▶ [Work item]
Output each entry below as it stands, leaving out every picture.

▶ [Supplied data]
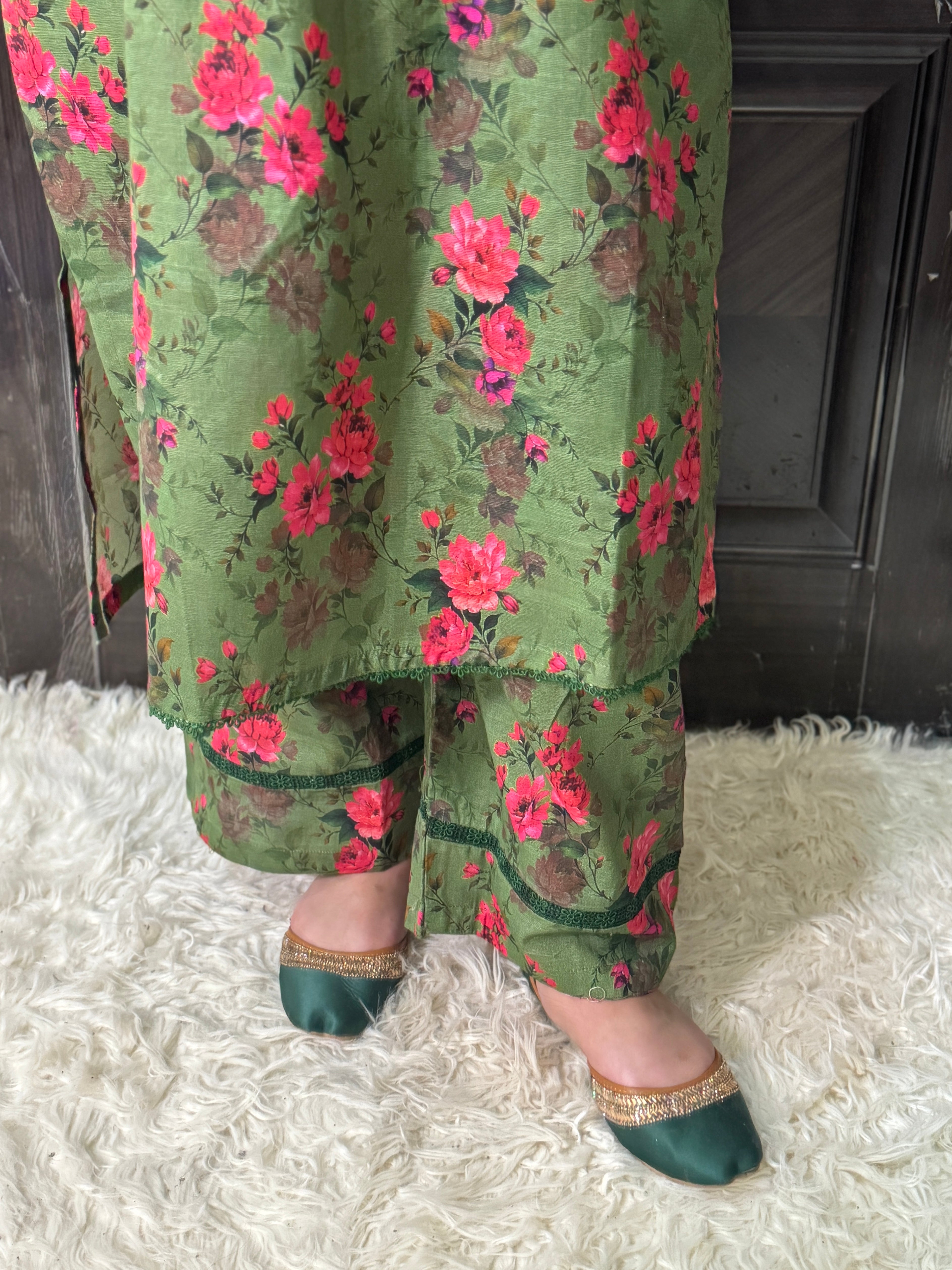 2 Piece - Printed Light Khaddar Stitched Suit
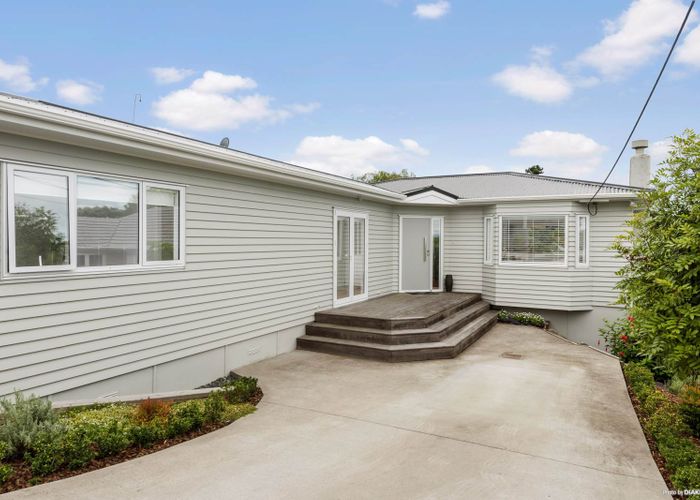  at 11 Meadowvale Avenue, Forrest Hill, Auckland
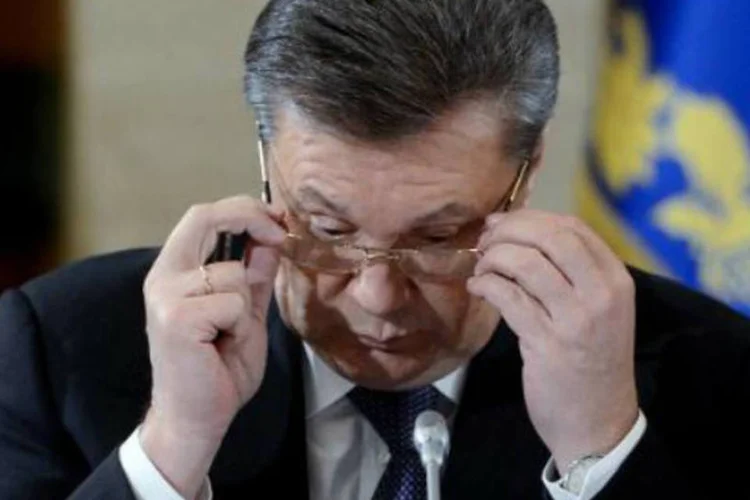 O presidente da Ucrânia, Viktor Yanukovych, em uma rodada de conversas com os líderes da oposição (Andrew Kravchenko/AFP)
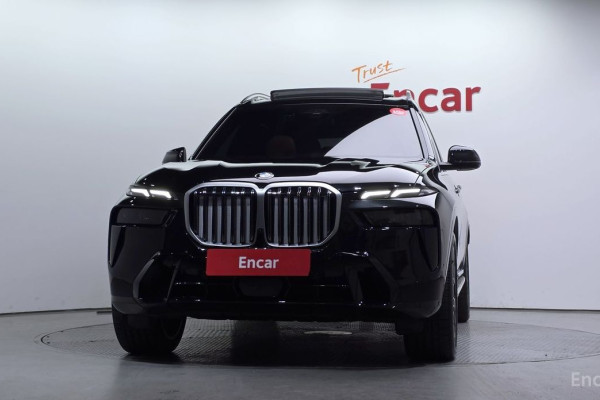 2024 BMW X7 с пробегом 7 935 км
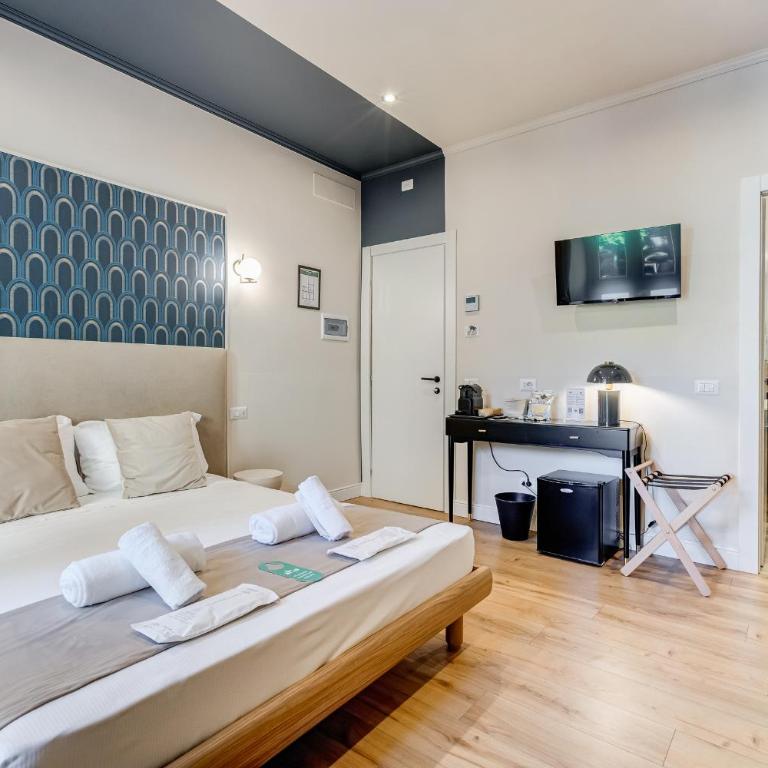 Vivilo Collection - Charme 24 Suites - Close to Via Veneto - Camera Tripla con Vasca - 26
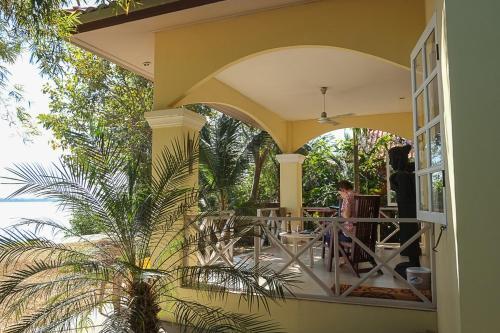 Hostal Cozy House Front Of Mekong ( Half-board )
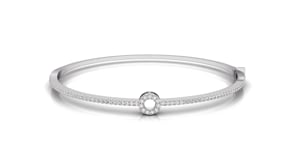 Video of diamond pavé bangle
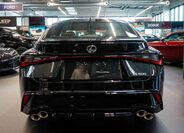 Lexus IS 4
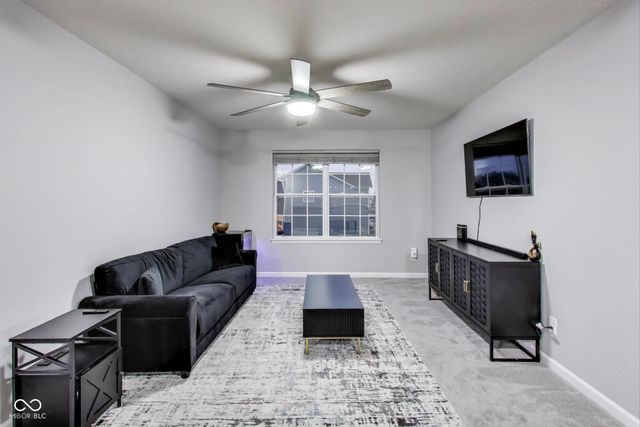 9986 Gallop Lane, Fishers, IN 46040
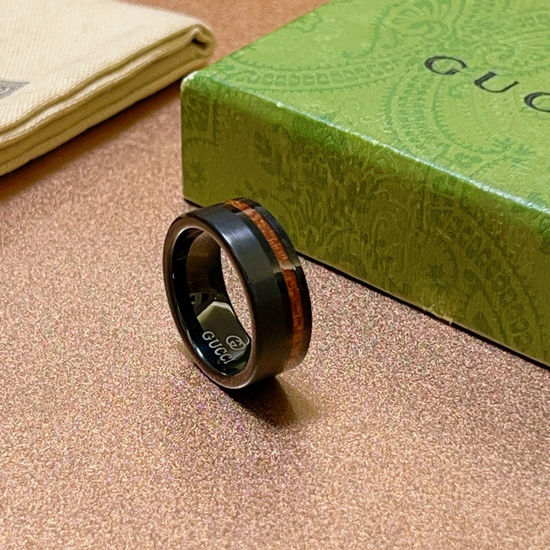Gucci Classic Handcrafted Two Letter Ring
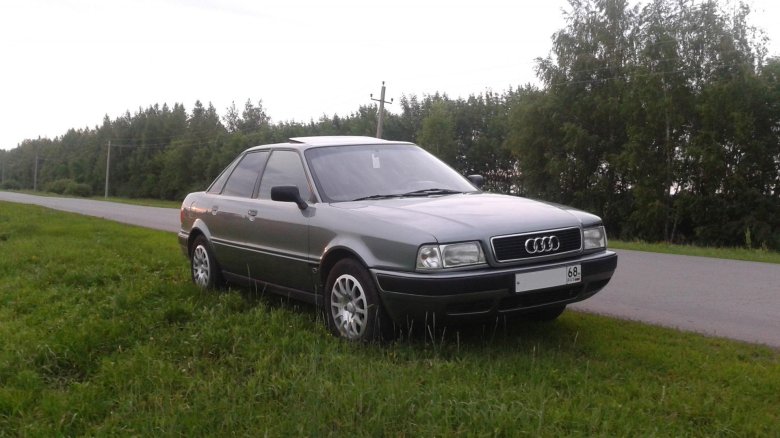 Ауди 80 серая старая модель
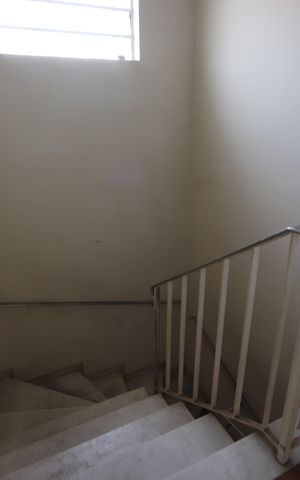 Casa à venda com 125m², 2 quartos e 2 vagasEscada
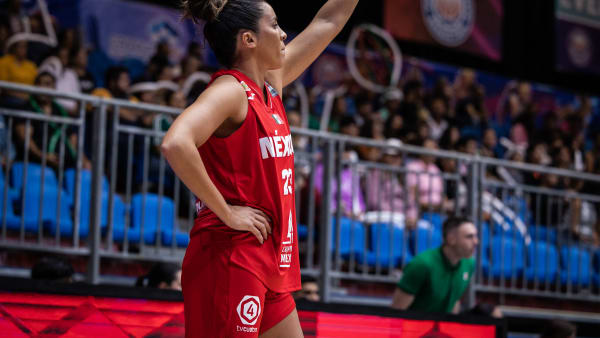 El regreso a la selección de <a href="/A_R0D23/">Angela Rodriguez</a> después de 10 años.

▶ [Answer]
 2 Piece - Printed Light Khaddar Stitched Suit
  at 11 Meadowvale Avenue, Forrest Hill, Auckland
 O presidente da Ucrânia, Viktor Yanukovych, em uma rodada de conversas com os líderes da oposição (Andrew Kravchenko/AFP)
 2024 BMW X7 с пробегом 7 935 км
 Vivilo Collection - Charme 24 Suites - Close to Via Veneto - Camera Tripla con Vasca - 26
 Hostal Cozy House Front Of Mekong ( Half-board )
 Video of diamond pavé bangle
 Lexus IS 4
 9986 Gallop Lane, Fishers, IN 46040
Gucci Classic Handcrafted Two Letter Ring
 Ауди 80 серая старая модель
 Casa à venda com 125m², 2 quartos e 2 vagasEscada
 El regreso a la selección de <a href="/A_R0D23/">Angela Rodriguez</a> después de 10 años.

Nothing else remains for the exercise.